_ACTIVITY_:
Output exactly the lines that run from the top of the entries to the line holding "LEATHER AND SHEARLING HIGH TOP SNEAKERS", including both of those lines.

START DATA LISTING

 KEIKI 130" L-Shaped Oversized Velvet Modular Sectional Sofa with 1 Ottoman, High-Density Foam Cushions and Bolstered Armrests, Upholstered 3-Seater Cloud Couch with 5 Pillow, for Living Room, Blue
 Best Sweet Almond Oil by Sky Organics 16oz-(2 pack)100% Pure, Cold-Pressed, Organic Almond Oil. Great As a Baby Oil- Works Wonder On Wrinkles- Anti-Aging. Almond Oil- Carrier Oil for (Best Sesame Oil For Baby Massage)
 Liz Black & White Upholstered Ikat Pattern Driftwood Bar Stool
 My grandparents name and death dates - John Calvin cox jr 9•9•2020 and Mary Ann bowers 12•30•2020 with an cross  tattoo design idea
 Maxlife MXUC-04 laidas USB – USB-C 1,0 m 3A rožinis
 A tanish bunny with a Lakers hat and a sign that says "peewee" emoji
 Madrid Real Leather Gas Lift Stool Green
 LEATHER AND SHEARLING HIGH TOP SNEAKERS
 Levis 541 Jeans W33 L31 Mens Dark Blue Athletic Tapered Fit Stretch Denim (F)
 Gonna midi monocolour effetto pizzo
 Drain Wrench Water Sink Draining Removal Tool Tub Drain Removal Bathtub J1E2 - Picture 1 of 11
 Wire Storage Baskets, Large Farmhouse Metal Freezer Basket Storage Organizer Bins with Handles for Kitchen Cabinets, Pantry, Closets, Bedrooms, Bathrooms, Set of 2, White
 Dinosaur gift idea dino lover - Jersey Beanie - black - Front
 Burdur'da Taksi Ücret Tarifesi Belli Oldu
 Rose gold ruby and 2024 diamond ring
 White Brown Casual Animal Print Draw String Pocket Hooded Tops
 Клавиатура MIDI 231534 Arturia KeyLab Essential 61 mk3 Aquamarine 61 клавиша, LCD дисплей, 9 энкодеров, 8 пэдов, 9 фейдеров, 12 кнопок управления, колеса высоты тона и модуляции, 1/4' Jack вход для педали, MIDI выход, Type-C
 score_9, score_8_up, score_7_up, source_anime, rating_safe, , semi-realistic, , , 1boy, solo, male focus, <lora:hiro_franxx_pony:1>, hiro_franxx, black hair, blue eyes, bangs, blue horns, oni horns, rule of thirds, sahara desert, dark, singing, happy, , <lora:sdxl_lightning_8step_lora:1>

END DATA LISTING

_EXERCISE RESPONSE_:
 KEIKI 130" L-Shaped Oversized Velvet Modular Sectional Sofa with 1 Ottoman, High-Density Foam Cushions and Bolstered Armrests, Upholstered 3-Seater Cloud Couch with 5 Pillow, for Living Room, Blue
 Best Sweet Almond Oil by Sky Organics 16oz-(2 pack)100% Pure, Cold-Pressed, Organic Almond Oil. Great As a Baby Oil- Works Wonder On Wrinkles- Anti-Aging. Almond Oil- Carrier Oil for (Best Sesame Oil For Baby Massage)
 Liz Black & White Upholstered Ikat Pattern Driftwood Bar Stool
 My grandparents name and death dates - John Calvin cox jr 9•9•2020 and Mary Ann bowers 12•30•2020 with an cross  tattoo design idea
 Maxlife MXUC-04 laidas USB – USB-C 1,0 m 3A rožinis
 A tanish bunny with a Lakers hat and a sign that says "peewee" emoji
 Madrid Real Leather Gas Lift Stool Green
 LEATHER AND SHEARLING HIGH TOP SNEAKERS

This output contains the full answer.